# [WHAT YOU SHOULD DO]
Please return the lines below verbatim, beginning at the one that has "Large Venini with" and stopping after the one that has "Alt view image", and add no other lines.

# [DATA RECORDS]
..............................

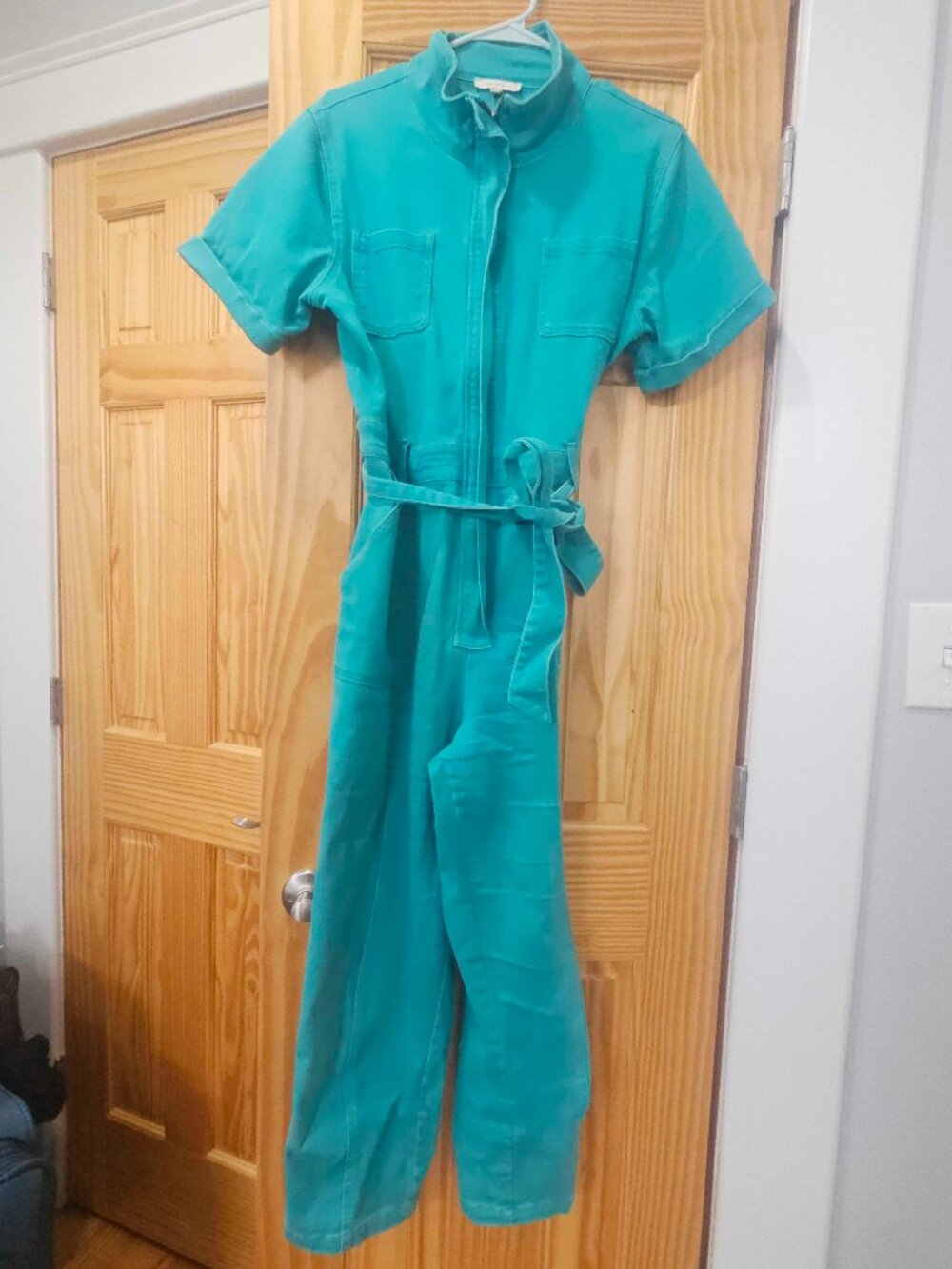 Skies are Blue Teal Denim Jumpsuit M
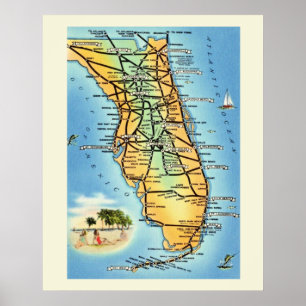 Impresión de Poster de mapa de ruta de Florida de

..............................

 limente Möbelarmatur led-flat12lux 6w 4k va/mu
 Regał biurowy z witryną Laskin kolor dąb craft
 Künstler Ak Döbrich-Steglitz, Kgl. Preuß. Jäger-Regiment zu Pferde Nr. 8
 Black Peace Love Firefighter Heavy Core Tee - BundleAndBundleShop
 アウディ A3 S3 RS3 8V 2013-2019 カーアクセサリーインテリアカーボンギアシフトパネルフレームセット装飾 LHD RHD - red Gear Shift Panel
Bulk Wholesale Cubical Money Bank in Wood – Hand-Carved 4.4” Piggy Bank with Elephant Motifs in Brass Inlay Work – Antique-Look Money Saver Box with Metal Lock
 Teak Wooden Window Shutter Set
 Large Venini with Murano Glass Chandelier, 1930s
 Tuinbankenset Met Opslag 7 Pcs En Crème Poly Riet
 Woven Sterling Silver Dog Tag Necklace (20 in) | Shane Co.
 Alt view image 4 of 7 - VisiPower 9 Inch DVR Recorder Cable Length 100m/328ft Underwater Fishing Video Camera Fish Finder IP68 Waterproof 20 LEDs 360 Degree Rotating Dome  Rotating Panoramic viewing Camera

..............................

# [TASK RESULT]
 Large Venini with Murano Glass Chandelier, 1930s
 Tuinbankenset Met Opslag 7 Pcs En Crème Poly Riet
 Woven Sterling Silver Dog Tag Necklace (20 in) | Shane Co.
 Alt view image 4 of 7 - VisiPower 9 Inch DVR Recorder Cable Length 100m/328ft Underwater Fishing Video Camera Fish Finder IP68 Waterproof 20 LEDs 360 Degree Rotating Dome  Rotating Panoramic viewing Camera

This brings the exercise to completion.